Paradigm Sekularistik
PARADIGMA Sekularistik beranggapan bahwa
ada pemisahan yang jelas antara agama dan Negara. Agama dan Negara merupakan
dua bentuk yang berbeda dan satu sama lain memilki garapan masing-masing,
sehingga keberadaan harus dipisahkan dan tidk boleh satu sama lain melakukan
intevensi. Negara adalah urusan public, sementara agama merupakan wilayah
pribadi masing-masing warga Negara.
Berdasarkan pada pemahaman yang dikotomis ini, maka hukum positif yang berlaku adalah hukum yang berasal dari kesepakatan manusia melalui kontrak social yang tidak terkait sama sekali dengan hukum agama (Syariat). Konsep Sekularistik dapat ditelusuri pada pandangan Ali Abdul Raziq yang menyatakan bahwa dalam sejarah kenabian Rasullah SAW pun tidak tidak ditemukan keinginan Nabi Muhammad untuk mendirikan Negara Islam. Negara Turki Modern dapat digolongkan ke dalam paradigm ini.

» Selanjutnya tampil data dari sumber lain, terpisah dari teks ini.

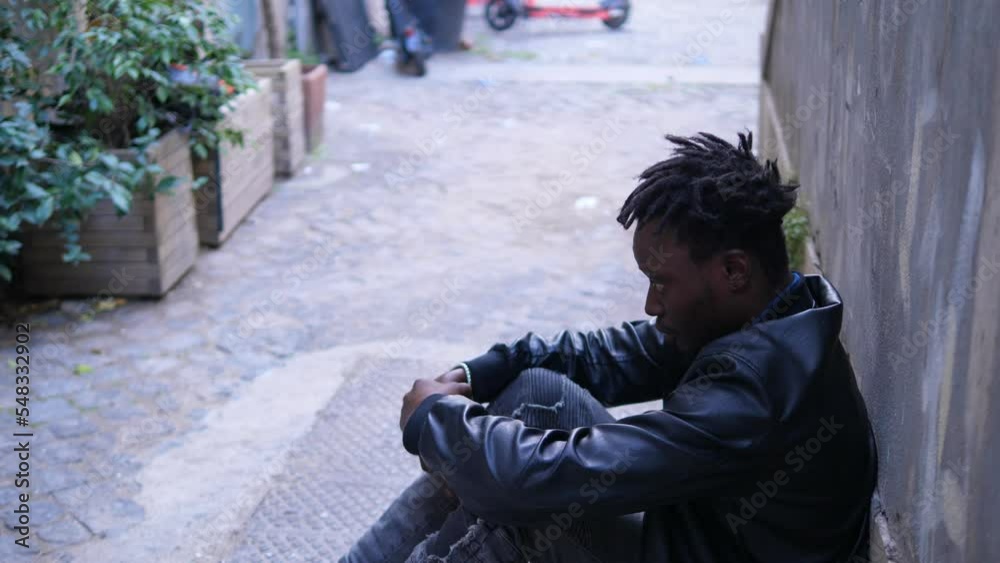 Depressed African man sitting on street, male white hand helping him standing Depressed African man sitting on street, male white hand helping him standing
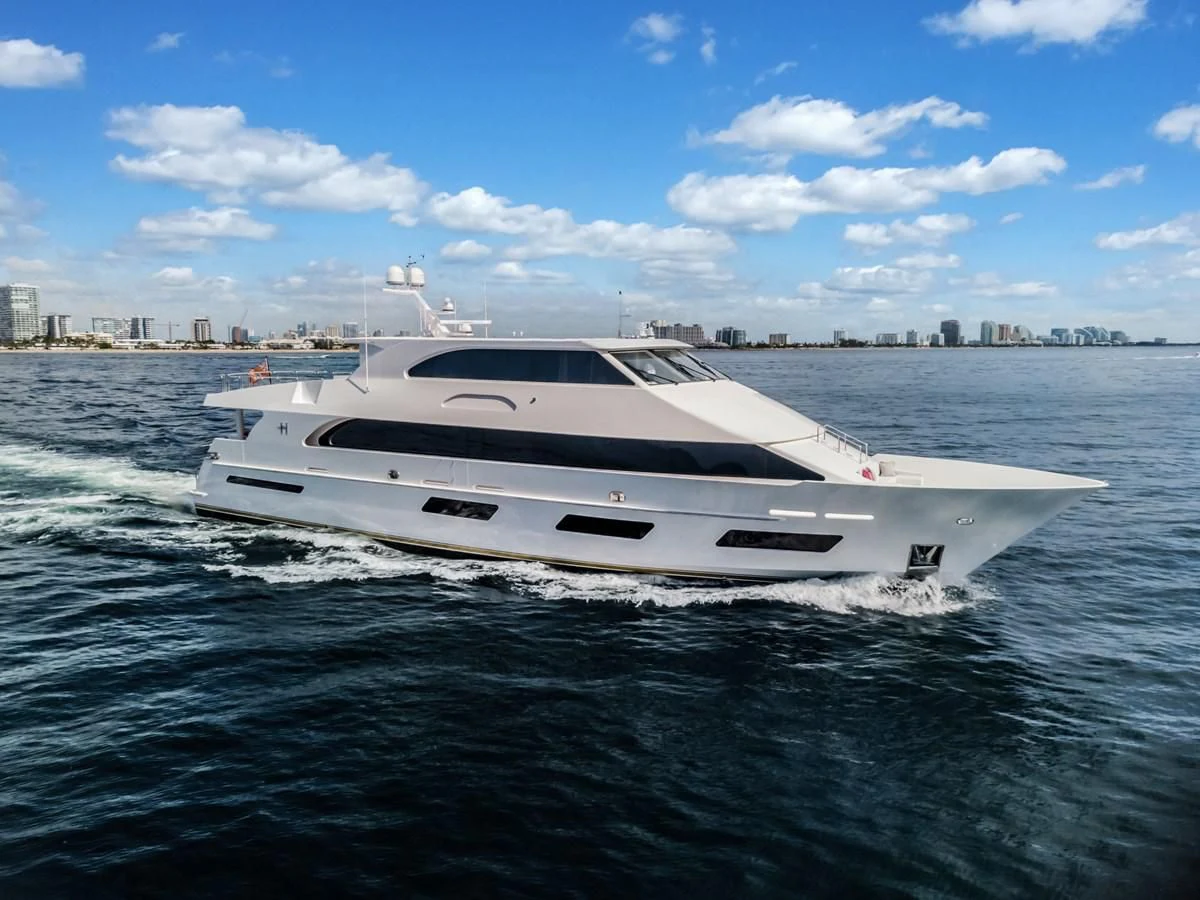 a white yacht on the water aboard NEW BOAT WITH FULL WARRANTIES Yacht for Sale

HUBUNGAN NEGARA DAN AGAMA: PENGALAMAN ISLAM INDONESIA
INDONESIA dikenal sebagai negeri muslim terbesar didunia. Uniknya,
Indonesia bukanlah sebuah Negara Islam. Dari keunikan ini perdebatan pola
hubungan Islam dan Negara di Indonesia merupakan perdebatan politik yang tidak
kunjung selesai. Perdebatan soal pola hubungan islam dan Negara ini telah
muncul dalam perdebatan public sebelum Indonesia merdeka. Perdebatan tentang
islam dan nasionalisme Indonesia antara tokoh nasionalis Muslim dan nasionalis
sekuler pada 1920-an merupakan babak awal pergumulan Islam dan Negara pada
kurun-kurun selanjutnya. Tulisan-tulisan tentang Islam dan watak nasionalisme
Indonesia menghiasi surat kabar pergerakan nasional pada waktu itu, menanggapi
pandangan dan paham sekuler yang dilontarkan kalangan tokoh nasionalis sekuler.
Perdebatan Islam dan nasionalisme dan konsep Negara sekuler diwakili
masing-masing oleh tokoh nasionalis muslim Muhammad Natsir dan Soekarno dari
kelompok nasionalis sekuler.
Perdebatan Islam
dan konsep-konsep ideologi sekuler menemukan titik klimaknya pada persidangan
formal dalam sidang-sidang majelis Badan Penyelidik Usaha-Usaha Persiapan
Kemerdekaan Indonesia (BPUPKI) bentukan pemerintah Jepang pada 1945. Para tokoh
nasionalis muslim seperti H. Agus Salim, K.H. Mas Mansyur, dan K.H. Wachid
Hasyim, menyuarakan suara aspirasi Islam dengan mengajukan usul konsep Negara
islam dengan menjadikan Islam sebagai dasar Negara bagi Indonesia Merdeka.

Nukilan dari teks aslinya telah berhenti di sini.